With the end of the semester fast approaching, our students are hunkering down and getting to work on expressing their understanding of material through exams, essays, orals, and other assignments. However, what students don’t always recognize is that when they are writing an essay or presenting an oral they are not only being asked to demonstrate their understanding of the material, they are being asked to do so in a way that is clear and concise. We want our students to communicate their ideas and understanding effectively. An essay that is written in a confused manner suggests that the student has not understood the material, even if this is not the case. So how can we help our students with this process?
Awareness is Key
Talking to our students about communicating clearly is a good way, at the very least, to draw attention to it. Let them know that when you are grading their assignments you are looking to see how clearly they understood the material and how well they supported their arguments. Remind them that this takes both an understanding of the material and the ability to express themselves clearly. This may encourage students to analyze how they approach the assignment and to make changes to areas of difficulty, incorporating an element of metacognition into the task.
A Second Opinion
When your students are writing their essay or preparing their oral, they should take a moment to make sure that it is clear to somebody else who would read it or hear it. This could be a peer, who has some existing knowledge about the topic, or to a friend or family member who may not have any. Even better would be to recommend to students that they show you a draft during your office hours or perhaps to a member of The Learning Centre during drop-in hours.
All About Organization
Another key approach to students successfully communicating their understanding in their assignments is for them to take the time to get their ideas organized before they start writing (a concept map might be a helpful organizer). Let them know that they shouldn’t just try to put down haphazardly all the information they know on the topic. Taking the time before they write to decide the information they want to discuss, and in what order, helps give their assignments a clearer structure and expresses an organized understanding of the material.

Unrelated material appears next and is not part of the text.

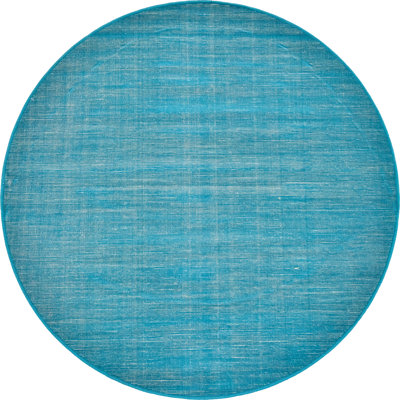 Tapis bleu sarcelle Arzilla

Weaker assignments tend to suffer from being too vague in their evidence and explanations. Students are sometimes under the mistaken perception that vaguely referring to some issue or information is enough to say they discussed it in their assignment. Take the time to discuss with your students the importance of being explicit in exactly what they are trying to say or prove. You can remind them that if they aren’t explicit about what they mean to say you might make assumptions about what they mean, and not always in their favour.